Well, in a way: It's one continuous thin layer of featureless graffiti, but still -. One lead maintenance official estimated it could cost $500 to paint over it, to which a skater replied: "What color are they going to paint it? Cement?"

As of Tuesday night, the city had taken no action. The painted bowl is still there, with maybe a few new scratches from use.

Our take: The paint may not be a color we'd have chosen, but it did cover up some nasty graffiti that was much worse, including a swastika and a large drawing of an anatomical feature.

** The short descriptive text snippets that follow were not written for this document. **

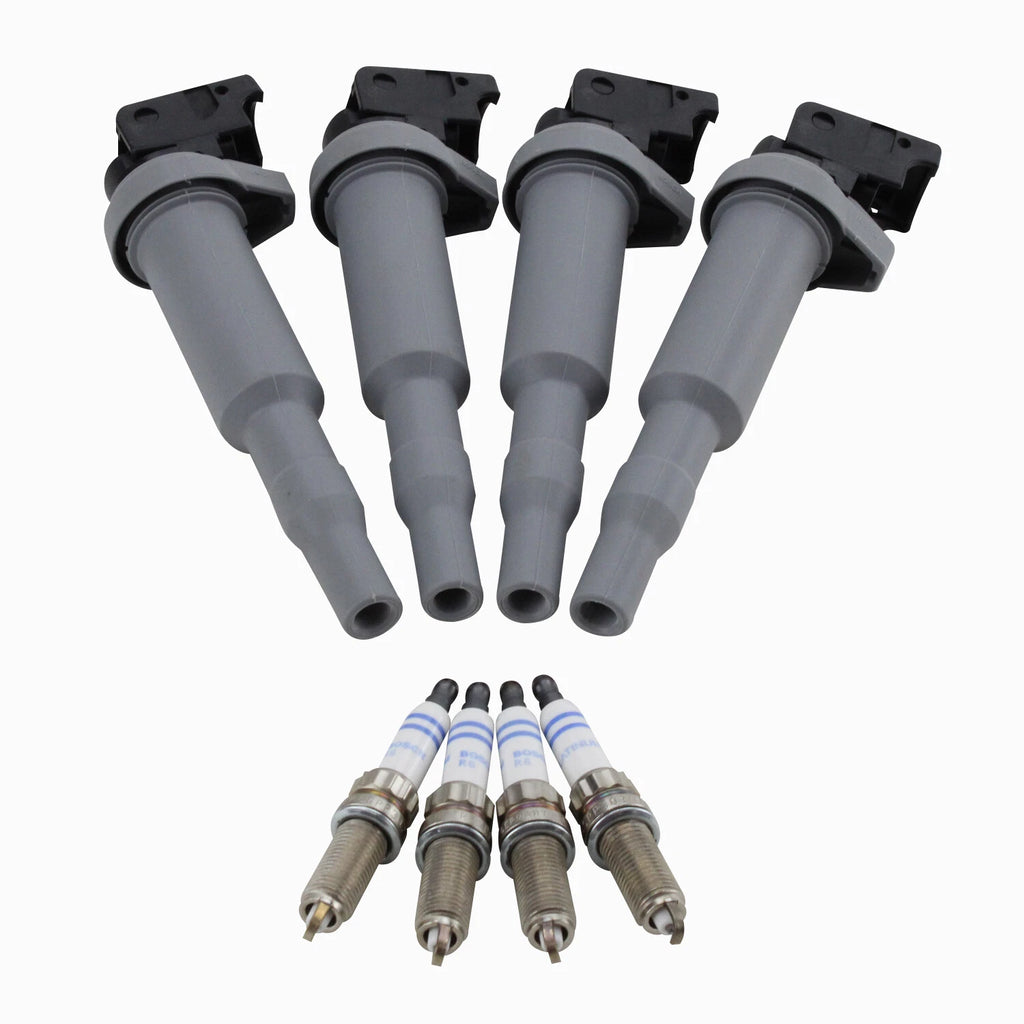 Set of 4 Ignition Coils & Spark Plugs for BMW F22 F25 F30 (2012–2019)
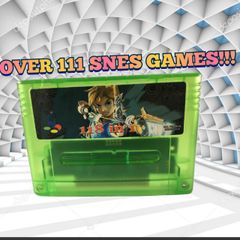 SNES Multi-Game Cartridge with over 100 Games!! Super Nintendo Classic Multicart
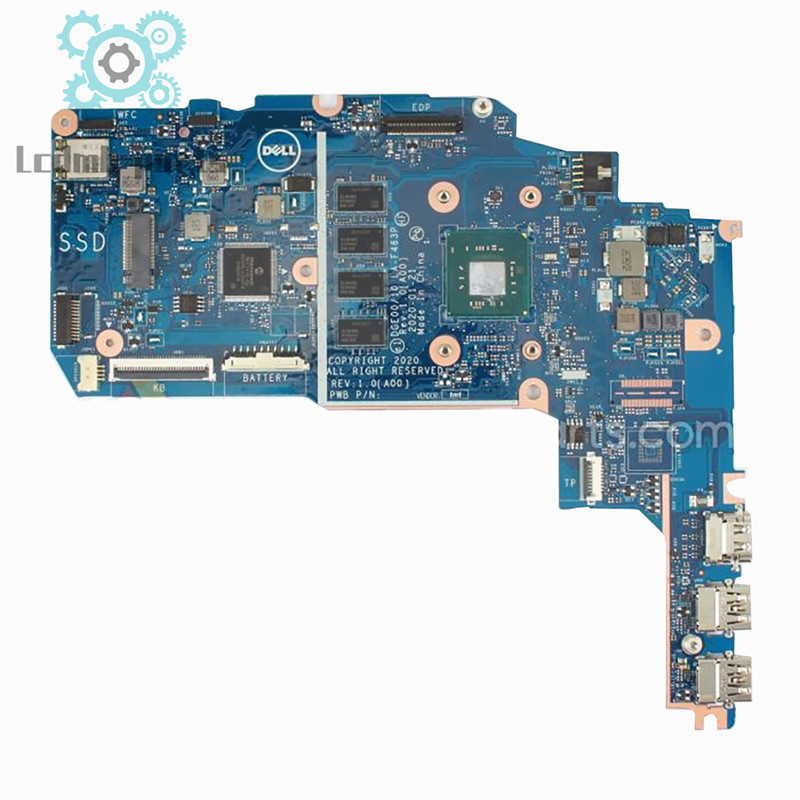 0CPW3K For Dell Latitude 3190 2-in-1 Laptop Motherboard N5030 4GB CPW3K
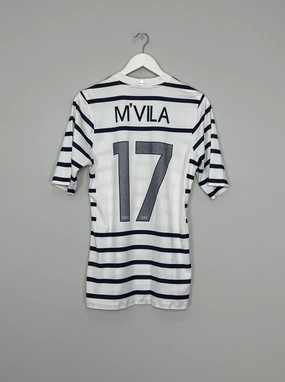2011/12 FRANCE M'VILA #17 *PLAYER ISSUE* AWAY SHIRT (M) NIKE No Slip Gripper Hem Tagless Neckline Design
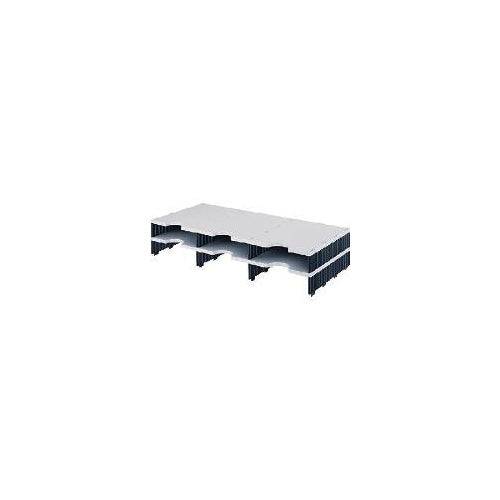 Styro Trio Styrodoc Uitbreidingsmodules - Grijs/Zwart - 723 x 140 x 331 mm styrodoc/268130298 723 x 140x331mm-0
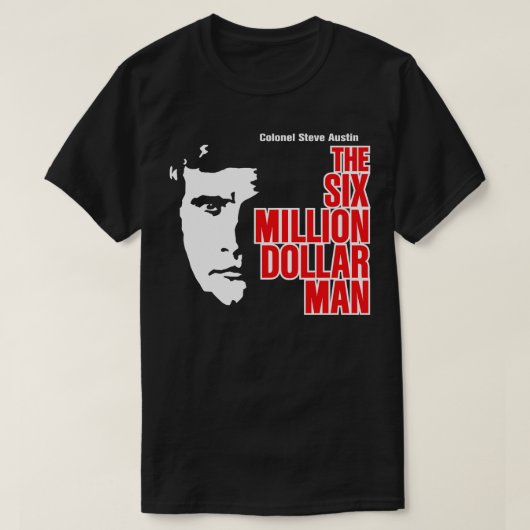 T-shirt L'homme à six millions de dollars (Design devant)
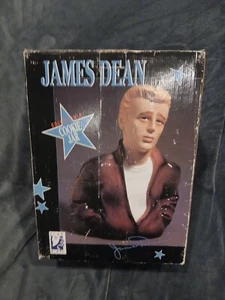 VINTAGE JAMES DEAN COOKIE JAR - CLAY ART - 1996 - ATTENTION: OWNED BY A SMOKER - Picture 1 of 24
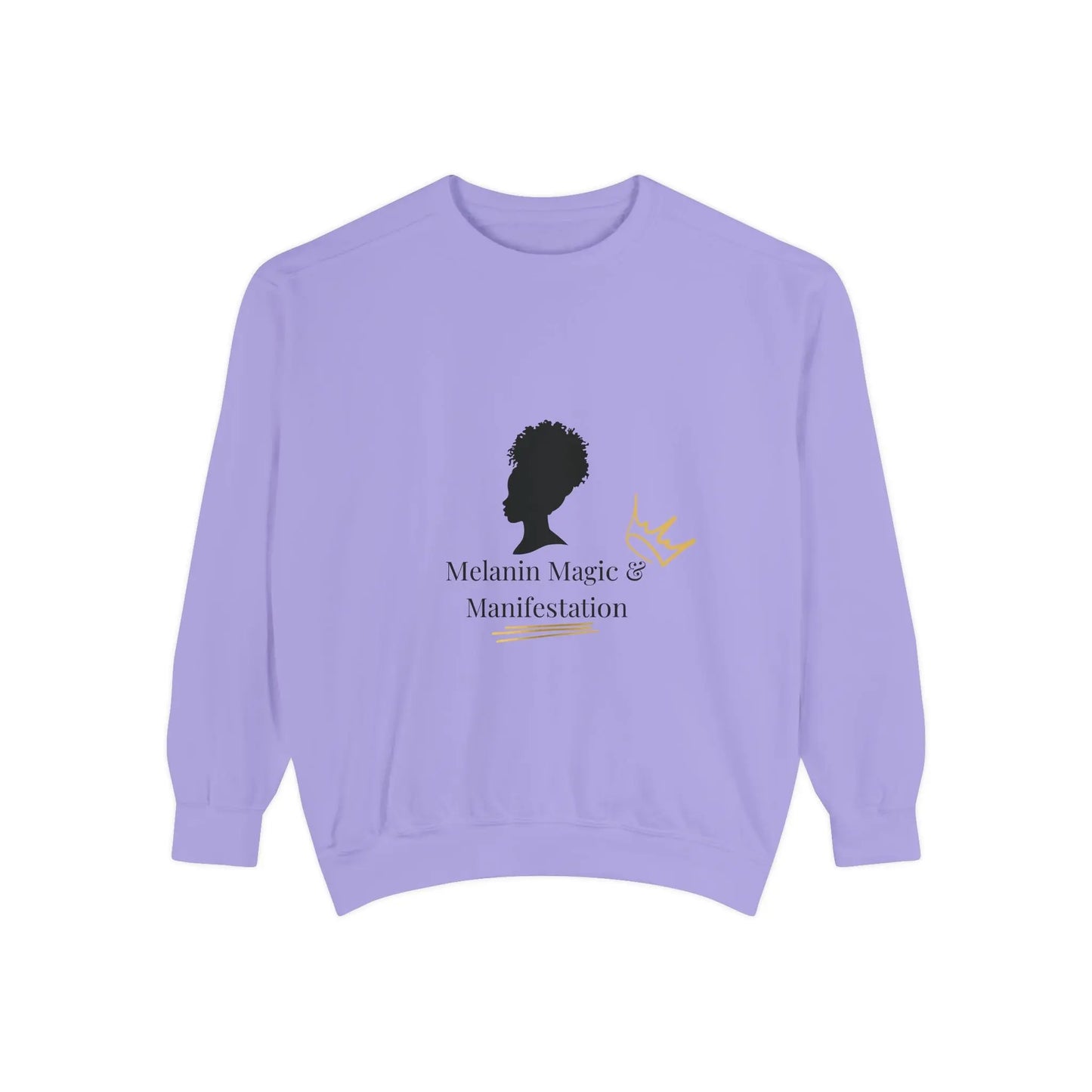 Melanin Magic & Manifestation Crewneck Sweatshirt ✨ Printify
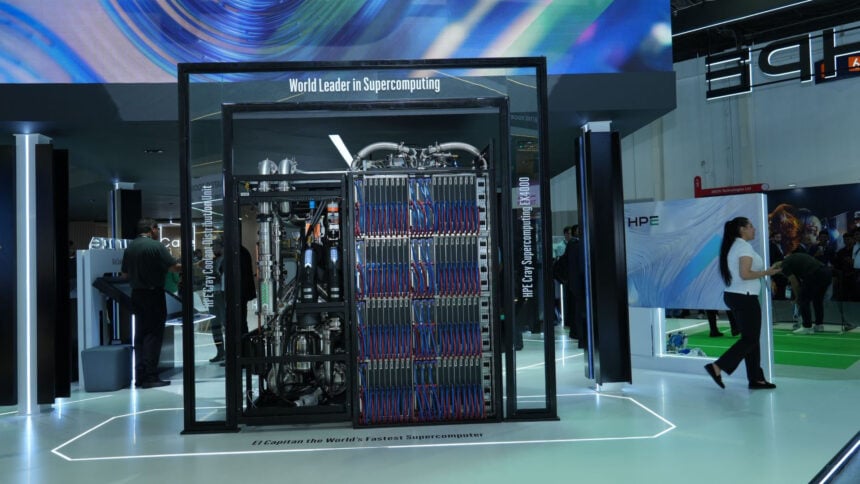 HPE Brings El Capitan Tech to Dubai: No Fans for This Supercomputer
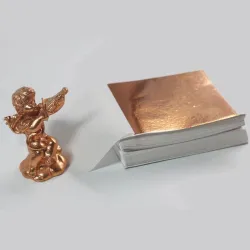 8 - 14 cm - Folienpapierbögen - Gold - Silber - Heim - Kunsthandwerk - Dekoration - 100 Stück
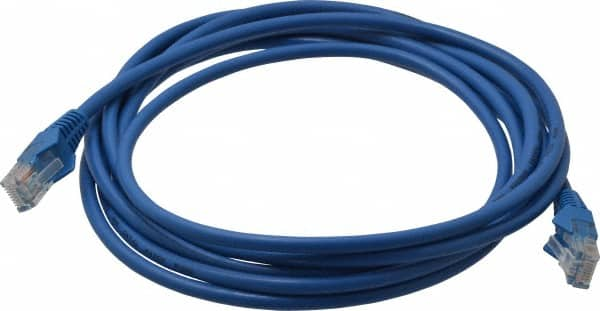 Tripp-Lite - Cat5e, 1 Wire, 350 MHz, Unshielded Network & Ethernet Cable - Blue, PVC, 10' OAL - Benchmark Tooling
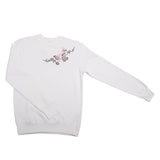 Dancing birds embroidered sweatshirt - KUMA Design Store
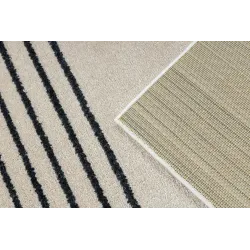 Teppich FUSION 7157 weiß / gold - Geometrisch, modern, abstrakt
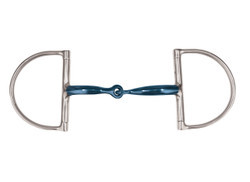 Korsteel® Blue Steel Jointed Dee Ring Snaffle Bit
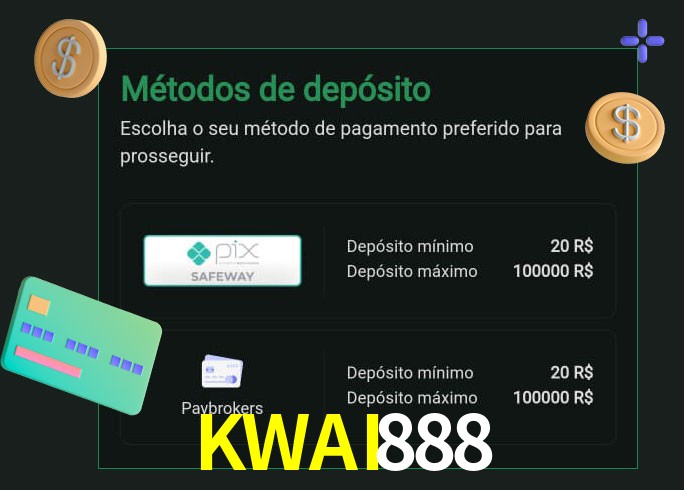 O cassino KWAI888 oferece uma grande variedade de métodos de pagamento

Readers who posted online comments to our Oct. 31 article about the unauthorized alteration to the park asked if $500 might not be better spent putting a few lights into the park's interior. That idea has some merit, but we suspect $500 wouldn't light up much and there's probably no money in the budget for the installation of lights or to pay for their illumination.

But then, we discovered that some people who use the skate park are bringing their own light.

About 8 p.m. Tuesday, the skate park would have been pitch black had it not been for what looked like a photographer's light stand set up by a group of men who were playing an intriguing game of what looked like bicycle polo. One polite young man came by to inquire whether an editor and photographer surveying the painted bowl with a flashlight were from the city. He asked us if we were going to paint over the paint.

"I think art is better than nothing," he said, in defense of the graffiti that was there before, but he said he thought that since it already was there, the paint should stay. We tend to agree.

We're not anarchists. It would have been nice if the volunteer mystery painter(s) who put so much time and effort into the bowl's new paint job had sought approval. But if this person(s) has lived in Corvallis for any time at all, he or she probably figured it would be easier (and much, much faster) to seek forgiveness rather than permission. But we see no harm - and none of the foul symbols and drawings that used to be there.

Our respectful suggestion to the city: It's not graffiti. It's an improvement. Let's call this one good and move on.